Memang, sekali lagi kendala dan yang menjadi keberatan adalah manakala hilal telah memenuhi 5-8 di ujung barat maka dapat terjadi di ujung timur (misalnya di Indonesia) hilal masih negatif, tentu peluang melaksanakan rukyat dalam kondisi ini sama sekali tidak ada, bahkan tidak diperlukan. Sementara praktik selama ini, aktivitas rukyat merupakan praktik rutin dan sakral yang harus dilaksanakan sebagian umat Islam di Indonesia. Bahkan negara melalui Kementerian Agama telah pula membuat regulasi formal dan mekanisme pelaksanaan rukyatul hilal setiap tahunnya yang menjadi salah satu dasar dalam memutuskan masuknya awal bulan hijriah melalui forum sidang isbat. Bahkan di Kementerian Agama terdapat Subdirektorat Hisab Rukyat dan Syariah yang menangani masalah penentuan awal bulan, yang bertanggungjawab kepada Direktur Urusan Agama Islam dan Pembinaan Syariah, kepada Direktorat Jenderal Bimbingan Masyarakat Islam, kepada Menteri Agama Republik Indonesia, dan kepada Presiden RI. Dalam Subdirektorat Hisab Rukyat dan Syariah terdapat pejabat, aparatur sipil negara (ASN), pegawai, dan staf yang telah definitif, yang telah memiliki tugas pokok dan fungsi dalam regulasi, administrasi, dan operasional lapangan pelaksanaan rukyatul hilal setiap tahun, bahkan setiap bulan. Tentu ini sesuatu yang harus dipikirkan secara baik dan cermat karena menyangkut administratif, kepentingan, kebijakan, motif, tradisi, bahkan nasib.

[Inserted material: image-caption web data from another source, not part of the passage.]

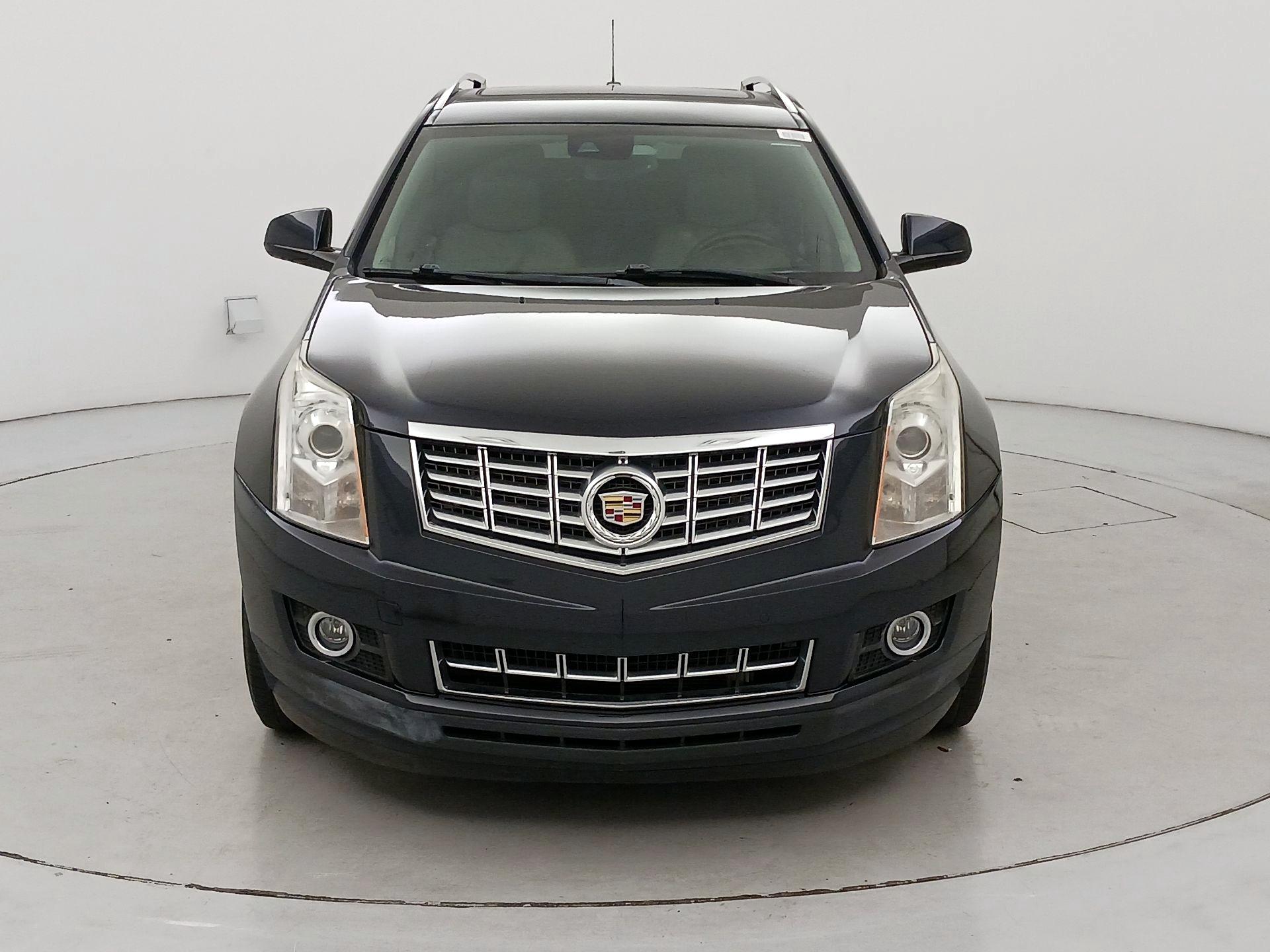 Thumbnail: 2016 Cadillac SRX - 2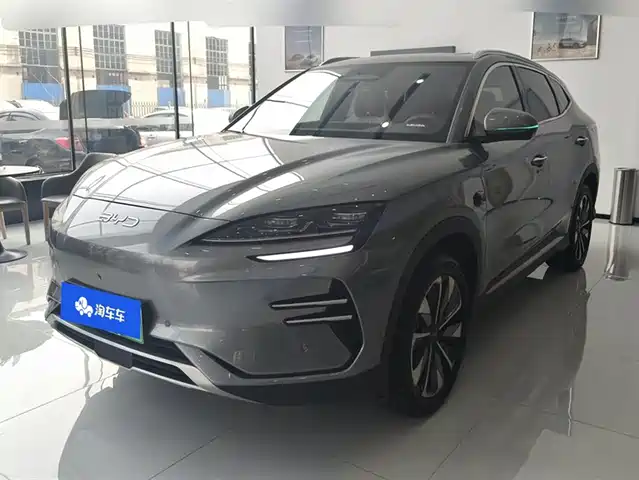 BYD SONGJIANG NEW ENERGY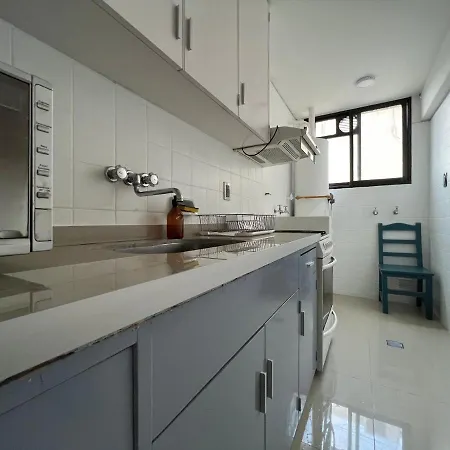 Apartamento Lela Mendoza Exterior photo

Ada pandangan, bagaimana jika keterlihatan hilal atau imkan rukyat itu ditetapkan di kawasan timur dunia, misalnya kawasan barat Asia Tenggara, dengan tujuan agar pengamal rukyat terakomodir. Sekilas cara pandang ini tampak mudah dan sederhana, namun ada konsekuensi syariat dan sains yang dilanggar. Dapat terjadi tatkala hilal telah terlihat atau telah memenuhi ambang batas tertentu di ujung barat (misalnya di Amerika) sementara di ujung timur (misalnya di Indonesia) hilal masih lebih rendah bahkan masih negatif. Dalam kondisi ini jika kawasan ujung barat harus menunggu dan menunda masuk awal bulan hanya karena agar di ujung timur hilal juga terlihat atau memenuhi imkan rukyat, maka ini bertentangan dengan hadis-hadis Nabi Saw yang secara tegas menyatakan jika hilal terlihat di suatu tempat maka segera saat itu juga untuk berpuasa atau berhari-raya tanpa menunda, yang dalam penjabaran ulama keterlihatan atau kemungkinan keterlihatan itu diberlakukan ke seluruh umat Islam dimana saja, yang dikenal dengan prinsip matlak global (ittihad al-mathali’). Dengan argumen hilal di ujung barat (dengan parameter 5-8 pertama kali) sekali lagi memastikan bahwa hilal dapat terlihat (atau memenuhi imkan rukyat 5-8) betapapun hanya di satu tempat tertentu, lalu dapat dipastikan telah terjadi ijtimak di seluruh muka bumi guna memersiskan satu putaran sinodis bulan mengelilingi bumi (QS. Yasin [36] ayat 39), berikutnya dapat dipastikan bahwa bilangan bulan tidak kurang dari 29 hari dan tidak lebih 30 hari. Ini lebih berterima dari harus menunda suatu kawasan yang mengakibatkan suatu kawasan itu terpaksa mengundurkan masuk awal bulan (padahal hilal sudah terlihat atau memenuhi imkan rukyat).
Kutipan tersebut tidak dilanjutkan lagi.